Our view of our bodies is not fixed as you might think. The way people think about their overweight bodies may be due to the size and weight of people around them. Or so says a new-1.3 million person study from the University of California-Boulder.

According to a Journal of Health and Social Behavior study analyzing the three-way relationship among obesity, life satisfaction and where you live (Sarasota Herald-Tribune, 6/10/14, 29E), “obese men and women who live in U.S. counties with high levels of obesity are much happier than obese men and women who live in slender areas. Nor do people of ‘normal weight’ enjoy much advantage in neighborhoods with more flesh per capita.”
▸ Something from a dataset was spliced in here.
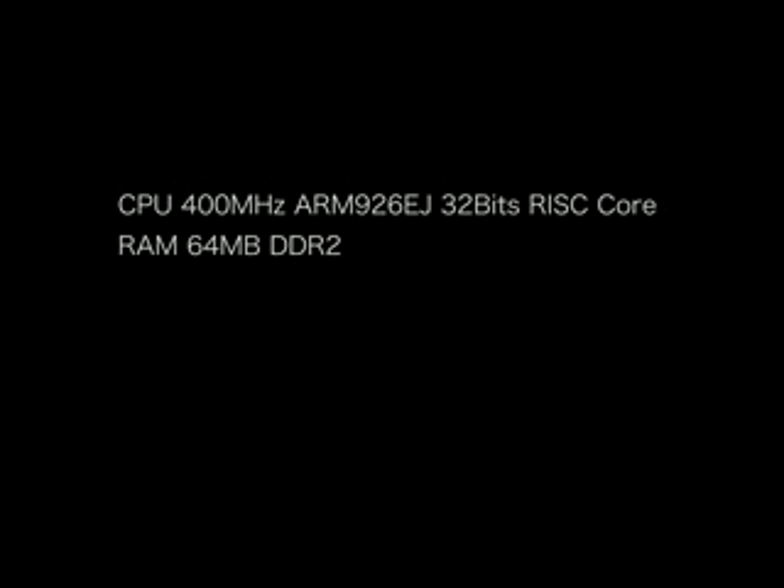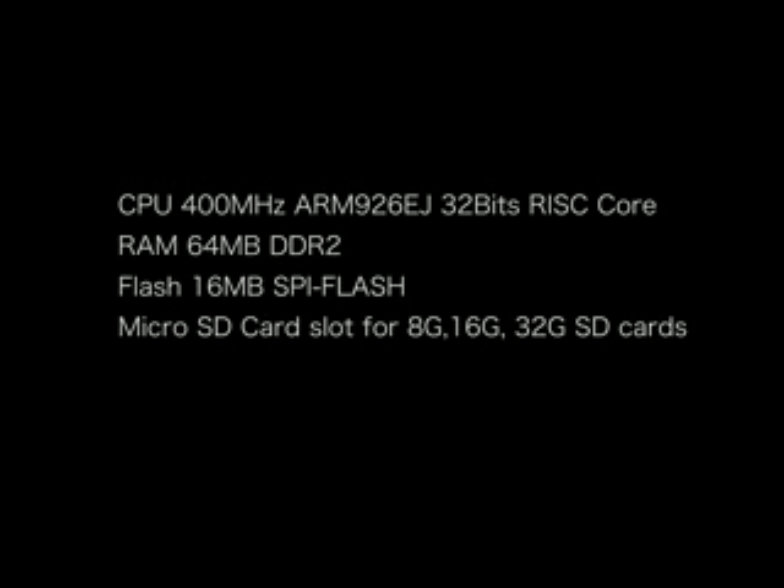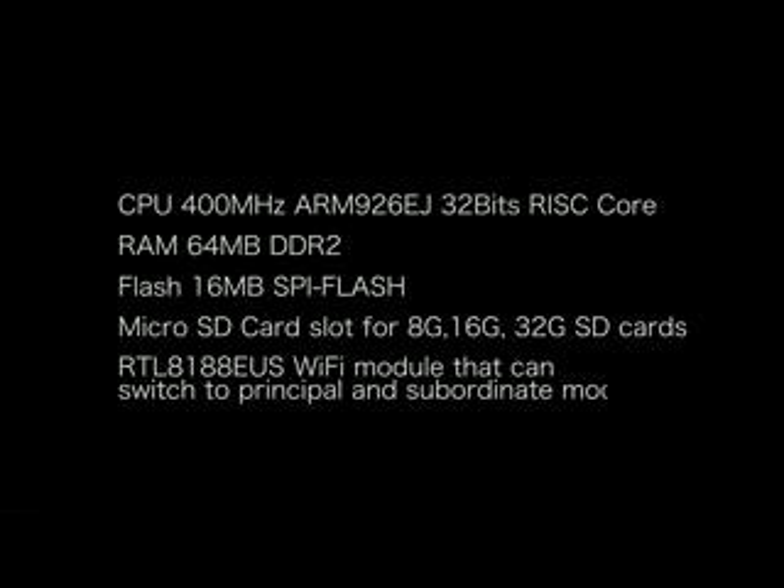That built-in camera makes the D1 a tiny, endlessly hackable version of the GoPro. At only 36 x 36 mm, the LeMobile D1 features a 400 MHz RISC core processor, 64 MB of DDR2 RAM, 16 MB SPI Flash support, as well as micro SD card storage, dual streaming capability supporting both fixed and dynamic rate mode, and advanced WiFi support.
The study’s conclusion: what is important to us is that in order to feel satisfied, we need to “look like the people around us.” The study was done by asking people to rate their satisfaction and the results were then graphed on a map to see where high, low, and medium satisfaction cropped up in relation to obesity rates in certain geographic areas. The finding: “Where obesity is more common, there is less difference among obese, severely obese, and non-obese individuals’ life satisfaction…but where obesity is less common, the difference in life satisfaction between the obese (including the severely obese) and non-obese is greater.”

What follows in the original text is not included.